Banjarnegara (Humas) – Kantor Urusan Agama (KUA) Rakit kembali menunjukkan komitmennya dalam memberikan pelayanan terbaik bagi calon pengantin (catin) dengan menghadirkan “menu komplit” bimbingan pernikahan bagi berbagai latar belakang pasangan. Pada Senin (18/5/2026). Sejumlah pasangan catin dengan kondisi dan kebutuhan yang berbeda mengikuti layanan bimbingan perkawinan di KUA Rakit dengan materi yang disesuaikan secara khusus.
Menariknya, pada hari itu hadir pasangan calon pengantin dari kalangan disabilitas, pasangan usia dini, hingga pasangan lanjut usia yang telah berumur lebih dari 70 tahun. Perbedaan kondisi tersebut membuat metode dan pendekatan penasihatan yang diberikan pun berbeda agar lebih tepat sasaran dan menyentuh kebutuhan masing-masing pasangan.
Penyuluh Agama Islam KUA Rakit, Fuad Latif, memberikan bimbingan perkawinan kepada pasangan disabilitas serta pasangan lanjut usia. Dalam penyampaiannya, Fuad menekankan bahwa pernikahan bukan sekadar penyatuan dua insan, tetapi juga komitmen untuk saling menguatkan dalam berbagai keterbatasan dan keadaan hidup.
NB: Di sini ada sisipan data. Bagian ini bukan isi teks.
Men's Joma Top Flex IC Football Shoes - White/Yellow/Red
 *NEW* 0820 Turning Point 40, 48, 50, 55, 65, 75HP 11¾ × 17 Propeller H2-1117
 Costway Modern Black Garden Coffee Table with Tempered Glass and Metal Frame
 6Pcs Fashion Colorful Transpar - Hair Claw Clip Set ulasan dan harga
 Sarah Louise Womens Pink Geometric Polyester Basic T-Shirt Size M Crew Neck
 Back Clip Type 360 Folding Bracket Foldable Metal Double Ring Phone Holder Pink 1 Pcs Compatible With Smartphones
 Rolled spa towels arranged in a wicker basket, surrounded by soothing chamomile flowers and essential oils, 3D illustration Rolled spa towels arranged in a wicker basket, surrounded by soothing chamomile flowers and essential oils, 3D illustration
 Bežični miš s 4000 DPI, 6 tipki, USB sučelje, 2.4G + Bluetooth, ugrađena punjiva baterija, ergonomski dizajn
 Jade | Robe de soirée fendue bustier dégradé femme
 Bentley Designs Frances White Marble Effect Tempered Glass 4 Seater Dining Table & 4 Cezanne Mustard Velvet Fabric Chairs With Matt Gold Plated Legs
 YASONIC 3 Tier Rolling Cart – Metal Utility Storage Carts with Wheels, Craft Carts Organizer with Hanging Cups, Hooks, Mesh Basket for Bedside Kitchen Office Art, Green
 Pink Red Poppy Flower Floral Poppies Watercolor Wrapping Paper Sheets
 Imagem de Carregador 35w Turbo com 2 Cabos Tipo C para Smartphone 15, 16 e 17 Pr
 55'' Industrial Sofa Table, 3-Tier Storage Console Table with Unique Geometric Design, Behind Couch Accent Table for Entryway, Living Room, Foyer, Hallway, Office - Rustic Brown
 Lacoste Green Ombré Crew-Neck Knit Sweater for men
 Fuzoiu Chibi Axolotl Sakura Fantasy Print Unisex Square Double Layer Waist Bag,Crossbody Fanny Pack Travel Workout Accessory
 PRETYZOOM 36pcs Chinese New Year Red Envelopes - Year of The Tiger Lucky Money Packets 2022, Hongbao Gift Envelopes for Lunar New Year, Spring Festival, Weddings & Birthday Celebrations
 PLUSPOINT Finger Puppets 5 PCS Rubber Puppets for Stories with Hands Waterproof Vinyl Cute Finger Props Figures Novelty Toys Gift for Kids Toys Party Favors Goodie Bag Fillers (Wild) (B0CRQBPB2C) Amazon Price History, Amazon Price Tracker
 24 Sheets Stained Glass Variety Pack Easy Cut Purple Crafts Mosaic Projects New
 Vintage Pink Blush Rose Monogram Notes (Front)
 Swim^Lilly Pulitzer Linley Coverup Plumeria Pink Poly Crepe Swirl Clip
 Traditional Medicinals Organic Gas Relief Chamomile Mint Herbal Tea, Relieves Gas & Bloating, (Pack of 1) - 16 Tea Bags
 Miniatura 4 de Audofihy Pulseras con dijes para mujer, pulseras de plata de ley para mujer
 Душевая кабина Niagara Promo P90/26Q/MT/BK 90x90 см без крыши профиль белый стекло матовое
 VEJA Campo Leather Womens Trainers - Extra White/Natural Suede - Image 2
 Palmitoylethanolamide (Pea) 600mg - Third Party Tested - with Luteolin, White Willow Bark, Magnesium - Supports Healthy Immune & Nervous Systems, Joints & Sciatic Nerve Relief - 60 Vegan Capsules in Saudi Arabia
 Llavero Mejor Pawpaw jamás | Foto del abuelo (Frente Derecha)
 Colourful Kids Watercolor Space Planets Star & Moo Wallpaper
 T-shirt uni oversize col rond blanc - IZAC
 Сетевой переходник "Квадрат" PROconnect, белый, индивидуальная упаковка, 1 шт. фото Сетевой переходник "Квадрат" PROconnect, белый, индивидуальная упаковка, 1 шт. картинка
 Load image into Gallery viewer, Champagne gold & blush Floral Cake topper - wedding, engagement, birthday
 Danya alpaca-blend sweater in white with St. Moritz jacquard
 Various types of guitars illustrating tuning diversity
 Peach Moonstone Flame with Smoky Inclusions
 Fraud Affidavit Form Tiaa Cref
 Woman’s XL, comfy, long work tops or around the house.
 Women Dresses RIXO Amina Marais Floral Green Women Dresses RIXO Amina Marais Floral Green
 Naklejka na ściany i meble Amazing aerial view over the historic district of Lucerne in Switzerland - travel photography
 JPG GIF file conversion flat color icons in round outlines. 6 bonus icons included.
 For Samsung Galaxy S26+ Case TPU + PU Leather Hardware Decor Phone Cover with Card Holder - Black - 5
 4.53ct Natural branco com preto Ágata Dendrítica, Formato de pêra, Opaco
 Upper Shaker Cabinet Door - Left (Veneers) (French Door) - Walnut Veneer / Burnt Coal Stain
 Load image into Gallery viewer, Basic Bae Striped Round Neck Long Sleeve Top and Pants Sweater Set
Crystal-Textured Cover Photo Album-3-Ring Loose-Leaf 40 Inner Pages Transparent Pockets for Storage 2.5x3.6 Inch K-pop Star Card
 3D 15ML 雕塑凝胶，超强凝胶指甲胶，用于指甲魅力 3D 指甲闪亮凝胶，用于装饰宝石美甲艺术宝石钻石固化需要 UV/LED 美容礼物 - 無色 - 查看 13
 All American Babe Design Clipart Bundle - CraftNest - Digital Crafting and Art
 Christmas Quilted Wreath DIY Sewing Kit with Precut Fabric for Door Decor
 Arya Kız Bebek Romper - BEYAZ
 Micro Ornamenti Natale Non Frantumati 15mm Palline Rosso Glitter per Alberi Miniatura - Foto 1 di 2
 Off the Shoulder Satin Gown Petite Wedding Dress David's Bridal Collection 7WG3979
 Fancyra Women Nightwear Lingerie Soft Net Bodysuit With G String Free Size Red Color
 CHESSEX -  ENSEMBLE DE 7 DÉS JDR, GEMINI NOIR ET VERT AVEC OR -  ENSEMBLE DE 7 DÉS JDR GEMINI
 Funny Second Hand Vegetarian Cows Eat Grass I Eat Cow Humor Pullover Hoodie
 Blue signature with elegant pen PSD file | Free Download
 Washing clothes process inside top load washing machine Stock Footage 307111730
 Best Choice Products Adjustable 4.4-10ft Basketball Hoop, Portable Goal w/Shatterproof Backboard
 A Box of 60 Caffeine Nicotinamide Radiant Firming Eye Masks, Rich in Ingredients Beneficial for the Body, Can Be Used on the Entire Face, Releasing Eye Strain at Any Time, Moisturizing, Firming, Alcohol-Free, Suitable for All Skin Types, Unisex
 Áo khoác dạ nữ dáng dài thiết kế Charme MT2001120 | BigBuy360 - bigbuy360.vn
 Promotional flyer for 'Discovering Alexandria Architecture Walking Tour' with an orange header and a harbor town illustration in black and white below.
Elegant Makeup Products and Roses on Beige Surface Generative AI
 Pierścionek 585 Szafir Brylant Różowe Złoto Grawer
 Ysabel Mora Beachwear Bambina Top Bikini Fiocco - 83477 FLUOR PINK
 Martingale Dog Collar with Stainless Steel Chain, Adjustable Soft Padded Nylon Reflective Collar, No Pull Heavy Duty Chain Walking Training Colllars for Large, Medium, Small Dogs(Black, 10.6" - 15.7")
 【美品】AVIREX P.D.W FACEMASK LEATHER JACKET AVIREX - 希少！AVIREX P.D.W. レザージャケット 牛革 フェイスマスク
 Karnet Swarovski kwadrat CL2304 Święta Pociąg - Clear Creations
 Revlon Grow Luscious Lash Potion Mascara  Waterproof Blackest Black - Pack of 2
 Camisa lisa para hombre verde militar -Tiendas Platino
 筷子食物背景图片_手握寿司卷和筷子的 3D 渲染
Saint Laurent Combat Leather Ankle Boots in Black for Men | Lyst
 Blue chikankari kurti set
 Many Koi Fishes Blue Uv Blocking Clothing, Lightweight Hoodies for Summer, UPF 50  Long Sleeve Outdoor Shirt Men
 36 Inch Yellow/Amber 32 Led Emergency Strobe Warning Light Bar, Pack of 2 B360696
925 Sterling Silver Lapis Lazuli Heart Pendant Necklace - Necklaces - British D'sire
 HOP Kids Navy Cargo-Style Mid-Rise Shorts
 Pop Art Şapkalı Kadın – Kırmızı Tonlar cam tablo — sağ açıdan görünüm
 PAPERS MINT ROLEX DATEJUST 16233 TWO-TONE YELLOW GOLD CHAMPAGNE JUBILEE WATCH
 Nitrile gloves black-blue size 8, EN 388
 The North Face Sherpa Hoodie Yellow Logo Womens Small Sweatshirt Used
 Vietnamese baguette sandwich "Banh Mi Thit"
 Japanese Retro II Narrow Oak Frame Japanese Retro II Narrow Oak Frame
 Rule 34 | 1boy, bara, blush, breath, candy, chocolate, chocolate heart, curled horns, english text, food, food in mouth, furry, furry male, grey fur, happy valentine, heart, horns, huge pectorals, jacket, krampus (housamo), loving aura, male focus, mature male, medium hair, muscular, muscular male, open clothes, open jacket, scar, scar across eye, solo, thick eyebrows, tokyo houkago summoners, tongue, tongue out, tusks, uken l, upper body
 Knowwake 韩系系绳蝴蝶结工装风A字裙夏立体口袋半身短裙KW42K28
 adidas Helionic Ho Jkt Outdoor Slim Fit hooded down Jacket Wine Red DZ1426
“Keluarga yang harmonis tidak diukur dari sempurna atau tidaknya fisik maupun usia, tetapi dari kesungguhan pasangan dalam menjaga kasih sayang, komunikasi, dan tanggung jawab,” ujar Fuad di sela kegiatan.
Kepada pasangan lanjut usia, Fuad juga menyampaikan pentingnya menjaga kesehatan, ketenangan batin, dan saling mendampingi di masa senja. Ia mengingatkan bahwa pernikahan pada usia lanjut tetap harus dilandasi niat ibadah dan semangat membangun ketenteraman hidup bersama.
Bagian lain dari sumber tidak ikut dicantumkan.